MR RATHKE: Well, our position on construction in East Jerusalem, as I explained last week, is longstanding. It hasn’t changed. I’m not going to turn – our policies are well known on this, Said. I’m not going to turn those into a specific prescription for a specific step that needs to happen right now. Those are things we’ll discuss in our diplomatic exchanges with the relevant parties, but I’m not going to read those out from the podium.
QUESTION: But the reason this particular settlement should hold some significance is because it was announced upon the arrival of Vice President Biden back in 2010.
MR RATHKE: I’m aware of the history.
QUESTION: And now they’ve expanded it, okay?
MR RATHKE: I’m aware of the history, and I think I spoke to this last week.
QUESTION: Yeah. The document that Brad was talking about – there is no mention for the two-state solution, and especially that Prime Minister Netanyahu didn’t recognize the two-state solution before the elections. To what extent are you concerned about the platform of this government?
MR RATHKE: Well, that’s – as we were just discussing with Brad, the United States policy is that we support a two-state solution. That’s what we’ve been working toward all these years through multiple administrations from both parties, and that continues to be our policy. So that’s also why I said in the discussion with Brad that we look for policies and actions that demonstrate a genuine commitment to a two-state solution. I think I’ll leave it at that for now.
Yes, in the back, and then we’ll come forward to you, Abby.
MR RATHKE: Yes.
QUESTION: It’s about – Japanese ruling parties agreed on the entire text of a national security bill that expand the Self-Defense Force – role of Self-Defense Force. And Japanese Government is slated to adopt the bill at the cabinet meeting tomorrow. So do you have any comment on that?

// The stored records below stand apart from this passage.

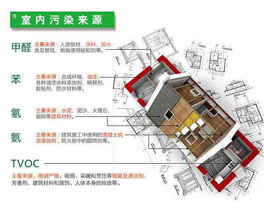 所謂的環(huán)保建材裝修后污染超標，為什么？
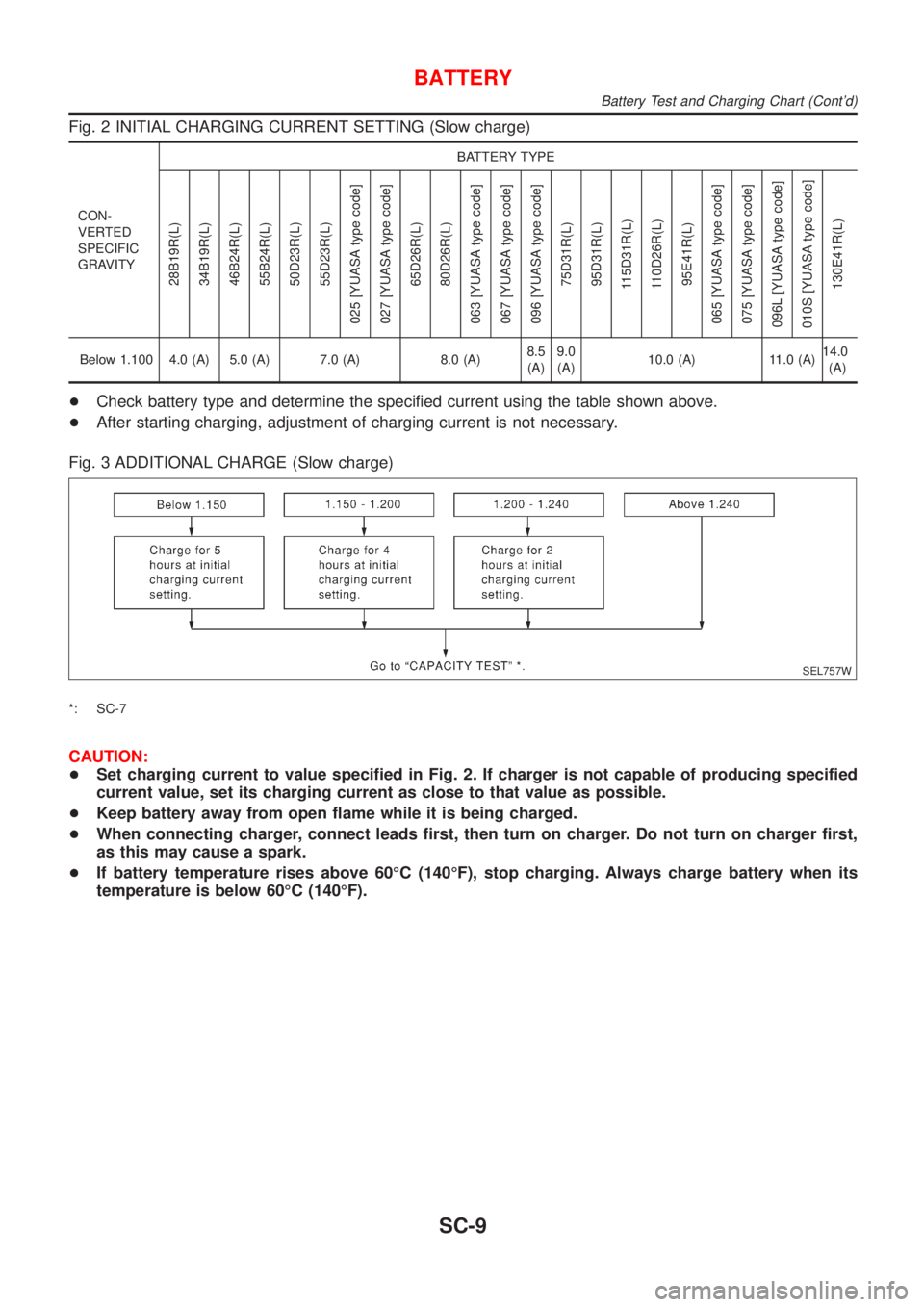 NISSAN ALMERA N16 2001  Electronic Repair Manual Fig. 2 INITIAL CHARGING CURRENT SETTING (Slow charge)
CON-
VERTED
SPECIFIC
GRAVITYBATTERY TYPE
28B19R(L)
34B19R(L)
46B24R(L)
55B24R(L)
50D23R(L)
55D23R(L)
025 [YUASA type code]
027 [YUASA type code]
6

MR RATHKE: Well, I’m not familiar with the content of that bill, so I’m not going to comment on its specifics. But certainly, there has been a process over a number of months in Japan to address questions of the role of the Self-Defense Forces, and I think we’ve spoken out multiple times in support of the way in which Japan has approached this, the transparency, and the extremely positive role that Japan has played not only in its region but also globally in – over the last decades. So I think you see evidence of this in the 2+2 meetings that happened a couple of weeks ago, as well as Prime Minister Abe’s visit. I don’t have the specifics on that one.
Abby, go ahead.
QUESTION: This may have been discussed last week, but there was a joint DOD-State workshop with countries in the Lake Chad Basin region about protecting their borders, Boko Haram. Is there a readout from that workshop or any analysis on that?
MR RATHKE: I don’t have a readout of it. We, of course, have been engaged with countries around the Lake Chad Basin and more generally to support their ability to defend their borders. We’ve also been engaged with them in support of the fight against Boko Haram. I can take a look and see if we have any specifics on the outcomes of that meeting.

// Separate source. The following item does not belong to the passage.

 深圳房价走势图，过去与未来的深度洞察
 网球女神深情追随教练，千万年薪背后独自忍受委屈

Okay. Nicolas and then we’ll see if we have anything more to wrap up.
MR RATHKE: Mm-hmm.
QUESTION: The British newspaper The Guardian has a story saying that a independent commission founded by the U.S., the EU, and the UK has produced enough evidence to prosecute Bashar al-Assad and 20 people around him before a war crime tribunal. So are you aware of this report, and would you welcome such a move?
MR RATHKE: Well, I wasn’t aware of that report, so I don’t have a comment on it. But I think our point of view on Assad and his having lost his legitimacy has been clear for some time. So we certainly don’t see a future for him in Syria, and I think our point of view on that hasn’t changed.
All right. Thank you.
QUESTION: Thank you.
(The briefing was concluded at 1:46 p.m.)